__Work order__: An exact copy is required of every line from the one with "#SecondAnnStore #ShopWithSAS #AutumnDecor" through the end of the data below, and the pictures must stay out of it.

__Given data__:
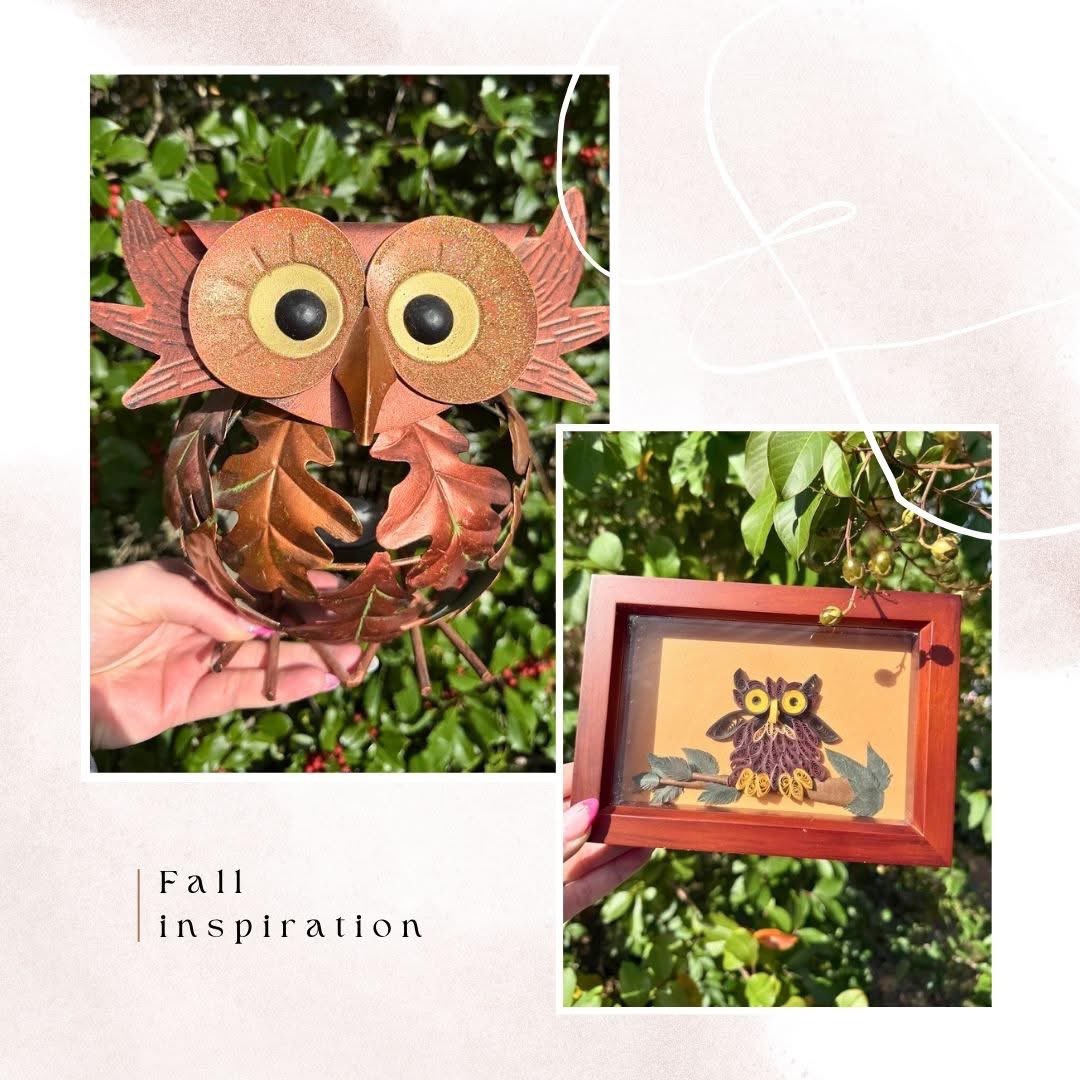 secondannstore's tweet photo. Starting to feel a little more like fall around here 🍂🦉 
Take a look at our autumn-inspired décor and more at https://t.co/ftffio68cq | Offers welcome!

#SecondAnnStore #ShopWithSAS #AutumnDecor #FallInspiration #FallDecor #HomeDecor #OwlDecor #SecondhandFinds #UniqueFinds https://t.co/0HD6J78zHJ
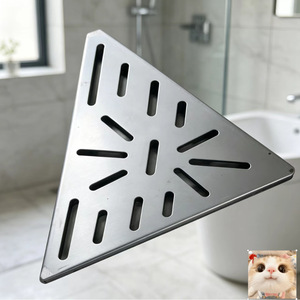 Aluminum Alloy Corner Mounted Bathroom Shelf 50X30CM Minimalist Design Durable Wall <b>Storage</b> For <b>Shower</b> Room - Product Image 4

__Output of the exercise__:
#SecondAnnStore #ShopWithSAS #AutumnDecor #FallInspiration #FallDecor #HomeDecor #OwlDecor #SecondhandFinds #UniqueFinds https://t.co/0HD6J78zHJ
 Aluminum Alloy Corner Mounted Bathroom Shelf 50X30CM Minimalist Design Durable Wall <b>Storage</b> For <b>Shower</b> Room - Product Image 4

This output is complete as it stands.